Tested with a synthetic scene (house, tree, sun, sky):
"content": [
{"type": "image_url", "image_url": {"url": "data:image/png;base64,..."}},
{"type": "text", "text": "What is this a picture of? List everything you see."}
]
This is a simple, stylized illustration of a house in a landscape.
- A house: It has a red body and a red triangular roof.
- Windows: Two light-blue square windows on the house.
- A door: A black rectangular door.
- A tree: A brown trunk with a green circular top.
- The ground: A solid green field.
- The sky: A light blue background.
- The sun: A yellow circle in the upper right corner.
Correctly identified all elements including shapes, colors, and spatial relationships. TTFT for vision requests is comparable to text-only (~300ms for small images).

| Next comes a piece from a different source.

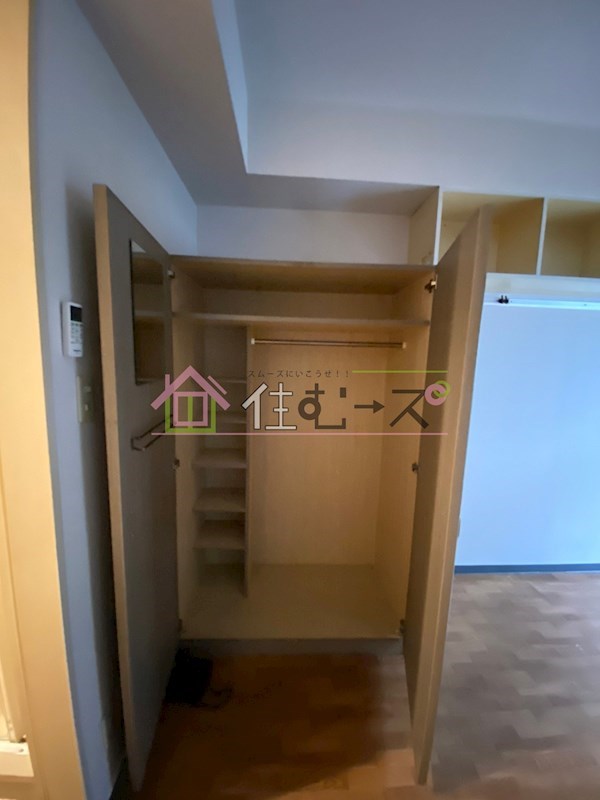 エルテルン壱番館 その他2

Tool Calling & Agentic Workflows
With fix-gemma4-reasoning + fix-gemma4-tool-parser mods applied (vllm-node-tf5 container):
| Test | Streaming | Result |
|---|---|---|
| Single tool call | No | ✅ Valid JSON arguments |
| Single tool call | Yes | ✅ Valid JSON streamed |
| Multi-tool call (parallel) | No | ✅ Both tools called correctly |
| Agentic multi-step (tool → result → synthesis) | No | ✅ Correct answer from tool data |
| Agentic multi-step | Yes | ✅ Streamed correctly |
| HTML in streaming tool args | Yes | ✅ No << duplication (PR #38909 fix) |
| Tool selection from 3 options | No | ✅ Correct tool chosen |
| Full agentic loop (2 tools → results → answer) | Yes | ✅ Complete workflow |
Known limitation: Non-streaming maxSteps agent loops (e.g. Vercel AI SDK generateText with maxSteps) may exit after 1 step — vLLM returns stop instead of continuing tool calls (#39043). Streaming mode (streamText) is recommended for agentic workflows.
Open vLLM Issues Affecting Gemma 4
| Issue | Impact | Status/Workaround |
|---|---|---|
| #38912 | Pre-quantized FP8 checkpoints fail to load | Use BF16 + --quantization fp8 |
| #38946 | Streaming tool calls produce invalid JSON | Fixed via PR #38992 (merged) |
| #38855 | reasoning_content always null |
Fixed via fix-gemma4-reasoning mod |
| #38909 | Streaming HTML duplication in tool args | Fixed via fix-gemma4-tool-parser mod |
| #39043 | Tool call tags leak in non-streaming multi-turn | Use streaming for agentic workflows |
| AOTAutogradCache pickle | torch.compile cache crashes on aarch64 | VLLM_DISABLE_COMPILE_CACHE=1 |
Reproduction
Recipe and mods available at spark-vllm-docker (PR #165 to upstream):
# Single node (TP=1)
HF_HOME=/mnt/tank/models ./run-recipe.sh gemma-4-31b-fp8 --setup --solo
# Dual node (TP=2)
HF_HOME=/mnt/tank/models ./run-recipe.sh gemma-4-31b-fp8 --setup -n spark1,spark2 --tp 2
# Benchmark
uvx llama-benchy --base-url http://localhost:8000/v1 \
--model google/gemma-4-31B-it \
--pp 128 512 2048 --tg 32 128 --depth 0 4096 8192 16384 \
--runs 3 --concurrency 1 2 4 --latency-mode generation